Print each line below verbatim, skipping every picture.
((
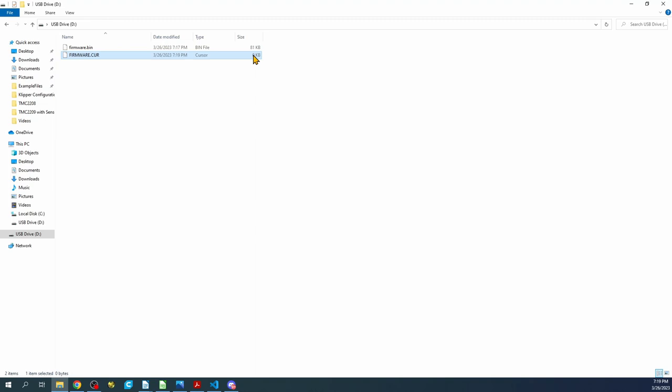Also, if you ever want to reload it, say on the same board or you store this someplace else, you can rename firmware.bin to firmware.cur just like you see above and then you can reload that either on your board or another board with the same configuration.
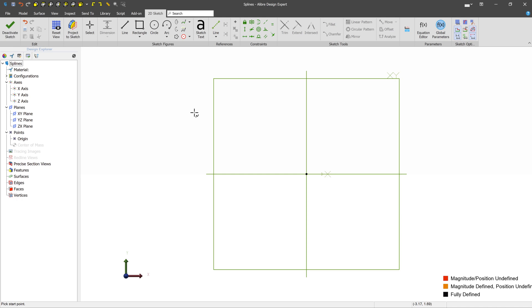In this lesson, we're going to talk about the various kinds of splines that are supported in the Libre sketch mode, how to edit them and create them, and what they're used for.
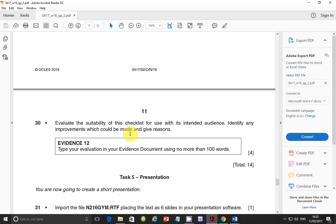This is the section on mail merge — there you go with the 14 marks. I'll end here and quickly do a video on presentation to wind up this paper, so that we can start looking at Paper 3. Remember to subscribe, like, comment, and share this video with others — I'll see you shortly.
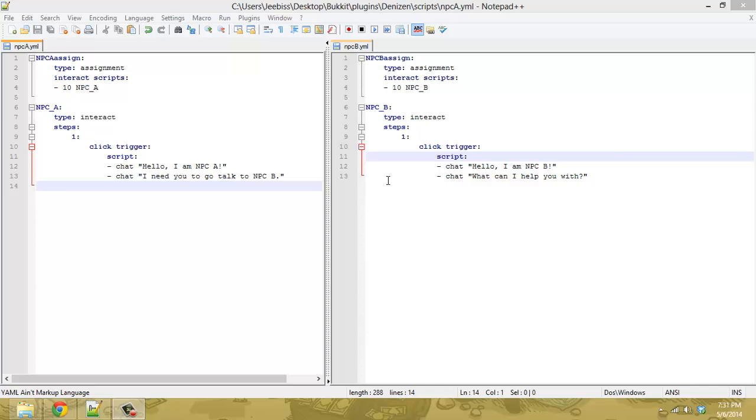Hey guys, welcome back to Dennis with Scripting Tutorials. I'm going to do another quick tip here where I'll show you how to connect NPCs using the flag command instead of with steps like my previous video.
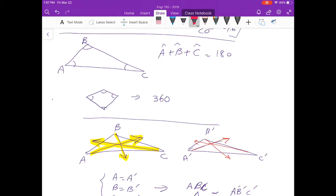Hello class, I would like to talk about trigonometry and similarity between triangles. A triangle has three sides and three angles; the summation of the three angles is 180 degrees — you can see here a plus b plus c is 180 degrees. If you have something with four sides, it has four angles and the summation of those angles will be 360 degrees.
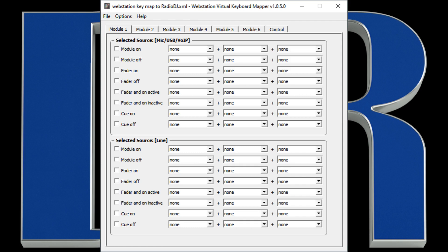Again, notice that you can map different responses depending on which input is selected for a channel. If you have any questions, make sure you drop it down into the comments. We'll take a look at those.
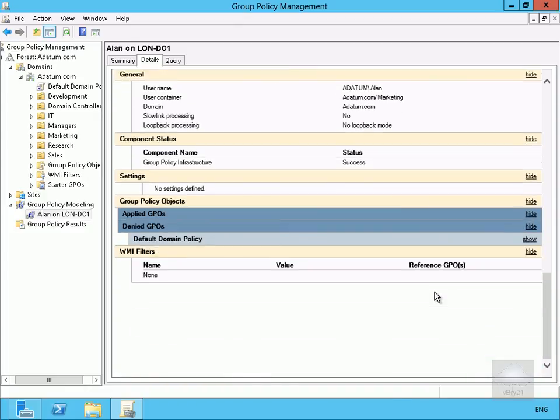And that's the end of this demonstration of our Group Policy diagnostic tools. I do encourage you to go away and have a good play with these, they do help massively in troubleshooting group policies. Thank you.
))
OUTPUT OF THE EXERCISE:
Also, if you ever want to reload it, say on the same board or you store this someplace else, you can rename firmware.bin to firmware.cur just like you see above and then you can reload that either on your board or another board with the same configuration.
In this lesson, we're going to talk about the various kinds of splines that are supported in the Libre sketch mode, how to edit them and create them, and what they're used for.
This is the section on mail merge — there you go with the 14 marks. I'll end here and quickly do a video on presentation to wind up this paper, so that we can start looking at Paper 3. Remember to subscribe, like, comment, and share this video with others — I'll see you shortly.
Hey guys, welcome back to Dennis with Scripting Tutorials. I'm going to do another quick tip here where I'll show you how to connect NPCs using the flag command instead of with steps like my previous video.
Hello class, I would like to talk about trigonometry and similarity between triangles. A triangle has three sides and three angles; the summation of the three angles is 180 degrees — you can see here a plus b plus c is 180 degrees. If you have something with four sides, it has four angles and the summation of those angles will be 360 degrees.
Again, notice that you can map different responses depending on which input is selected for a channel. If you have any questions, make sure you drop it down into the comments. We'll take a look at those.
And that's the end of this demonstration of our Group Policy diagnostic tools. I do encourage you to go away and have a good play with these, they do help massively in troubleshooting group policies. Thank you.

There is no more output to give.